Last night’s FOMC meeting passed as expected with no material change to the Federal Reserve’s monetary policy. The news media outlets are trying to make a big deal of comments by a few members of the board which boiled down to, they should start thinking about, talking about, maybe raising rates if the PCE inflation gets above 2%. But for anyone caught in a trade that went against them based on those comments, I think the knee jerk reaction gets unwound.
The US dollar rose off its lows by 60 cents, which equates to roughly halfway back from the recent swing high from the 13th May 2021. Overall, the US dollar index is still very bearish and hovering just above the $90.00 price level.
The appreciation in the US dollar made the GBPUSD fall further away from the 1.4200 resistance level and tomorrow’s economic calendar shows that we receive retail sales and PMI data, which could potentially weaken the pound further. The ActivTrader sentiment indicator still shows the majority of traders are short the currency pair.
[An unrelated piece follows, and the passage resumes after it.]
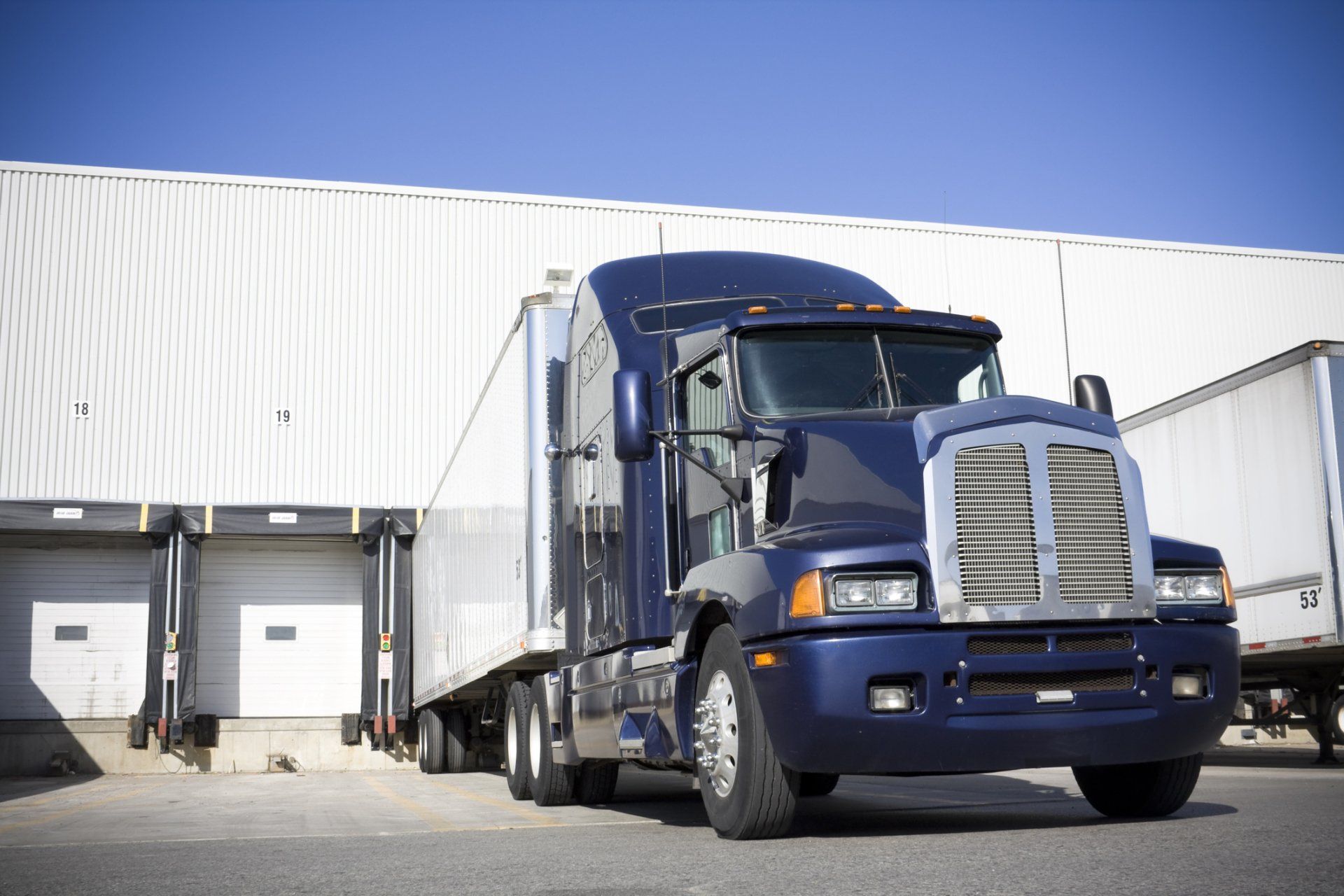 Blue Storage Truck ─ Marion, OH ─ Marion Industrial Center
The EURUSD is also heavily shorted by retail traders, but the price action yesterday didn’t undo Tuesday’s range and so far in the London session this morning the single currency is finding a bid. Yesterday’s high cleared the stops above the February swing high and so I am thinking the next test of 1.22500 sees the price of the euro go higher as most of the sell orders will have been filled already.
The price action in Gold yesterday ended up with an indecision candle as the opening and closing prices were very similar. Gold still remains bullish above $1850 and yesterdays low and the daily period moving averages are showing the increasing momentum to the upside. The 50 ema is about to cross the 200 ema on the daily chart which will be a signal to momentum traders that they should be looking for longs.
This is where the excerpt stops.